That said, I strongly reject the idea of an automated warning being sent to a user for this. If the likelihood of a comment being incorrectly validated as rude/abusive was low - or if there were a way to change the flag validation after the fact, it'd be one thing but the default moderator UI - particularly when viewing comments on posts - makes it very easy to accidentally validate a rude/abusive comment flag just by deleting the comment - if they're viewing the post directly, the moderator may not know the comment was flagged at all!
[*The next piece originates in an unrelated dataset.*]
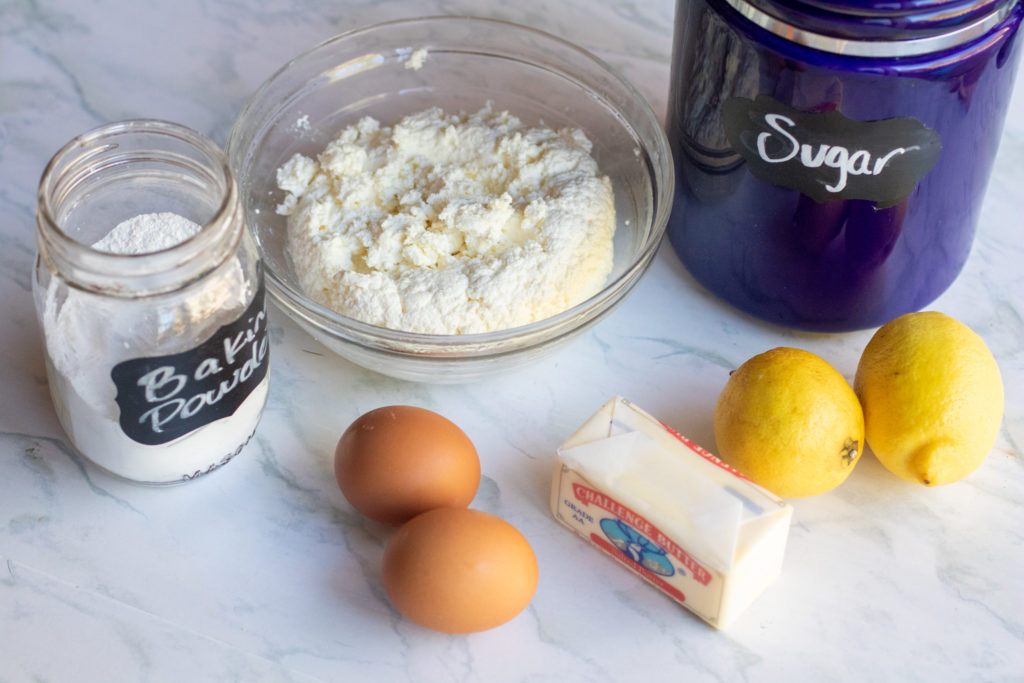 cheese, baking powder, sugar, butter, lemons, eggs on a counter.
This is about a warning and that's not even nearly as problematic as an actual ban. The automatic ban, as I see it, has several problems:

  1. It's really easy for moderators to inadvertently validate a rude or abusive comment flag on a comment that they don't think is rude or abusive and there's no way to rectify the situation after the flag is handled.
    Without any sort of improvement to the moderator UI to emphasize the fact that a comment is flagged as rude or abusive, the chance for error is very high. This is particularly problematic on comments that have both rude or abusive flags and no longer needed flags. You'd have to decline all of the flags, since you can't pick which flags to decline on comments.
  2. Three users can validate rude or abusive flags on comments if the comment has no upvotes.
    I'm not a huge fan of using "users could abuse it" as a reason to not do something in general but (right now) we have zero information as moderators that comments were deleted by the community unless we happen to be reviewing deleted comments on a post and notice it and, in the case of rude or abusive comment flags, we get an automatic flag letting us know that three comments were deleted as rude or abusive in seven days.
    At the very least, such an implementation would require this to trigger the auto flag first and consider whether the moderators have acted on it or not (with a mod message or suspension)...
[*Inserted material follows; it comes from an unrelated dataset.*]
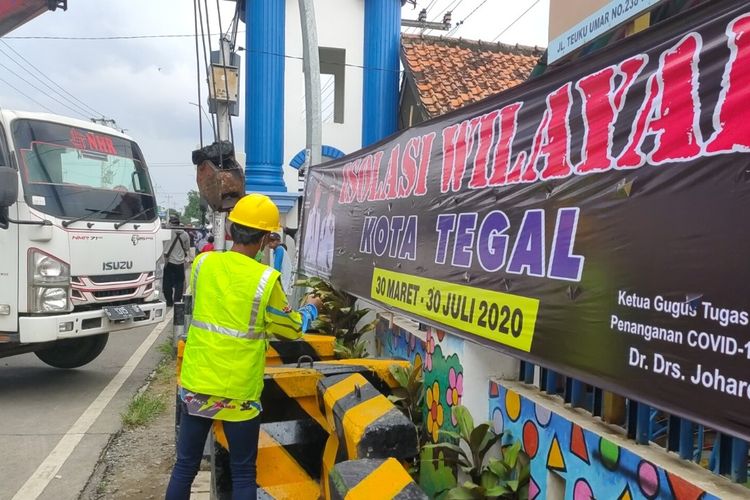 Seorang pekerja tengah menyiapkan beton MCB untuk menutup jalan perbatasan Kota/Kabupten Tegal, Minggu (29/3/2020), sebagai upaya Pemkot Tegal mengisolasi wilayah setelah ditemukan satu warganya yang positif corona.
And at this point, I have to wonder... why should this be automatic if it's easily accidentally triggered and we're already telling the moderators "hey, this may be a problem, you should look at it"... just let the moderators take away the comment everywhere privilege themselves for X days instead of a full suspension...

  1. It shouldn't be a comment ban... it should be removal of the Comment Everywhere privilege.
    This may sound like splitting hairs but if we're not taking away their ability to post, they need to be able to comment on their own posts or on answers to their questions. If they can't even be civil there, they should be getting a suspension, not a comment timeout.
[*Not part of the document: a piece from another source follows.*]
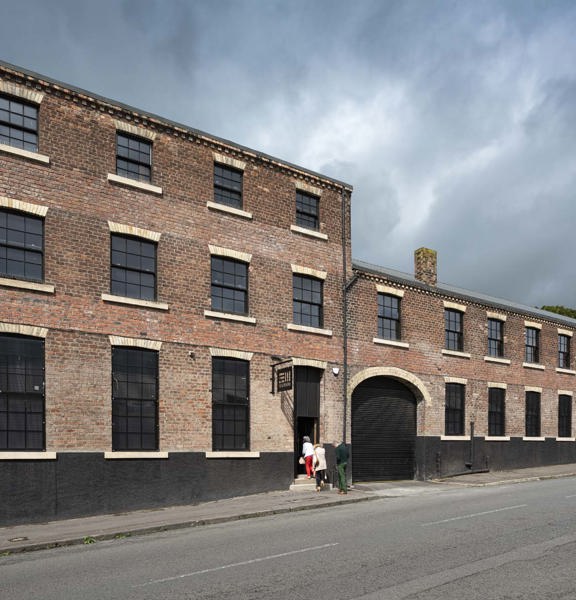 A view of The Engine Works building's exterior, lining the far side of a quiet street with narrow tarmac pavements. 3 people are climbing the small stone steps into the main entrance. To their right is a large arched entrance way with a black shutter. The building is mainly red brick with black and white brick accents. The roof is stepped with the building's left half boasting 3 storeys and the right half only 2. Large, paned, black framed windows line both halves. The roofline is framed against a grey sky.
Plus, if they're going to make it possible to remove the comment everywhere privilege... it should be something that a moderator can do and it should be possible to see all rude or abusive flagged comments in one page. Right now, you can see all flagged comments but can not sort by flag type.

I'd much rather have a comment suspension that requires moderators to explain to a user why they've lost the comment everywhere privilege along with removing it. This should include a link to the user's flagged and deleted comments since the users can't generally see their deleted comments. This allows moderators to prevent comments from both users who are consistently rude in comments (other than outright suspending them) and users who are just constantly using comments inappropriately, which is a problem I have on one of the sites I moderate.

If this were to be implemented, a lot of other changes would need to be made to reduce the accidental triggering and allow moderators to undo the ban if it were triggered accidentally.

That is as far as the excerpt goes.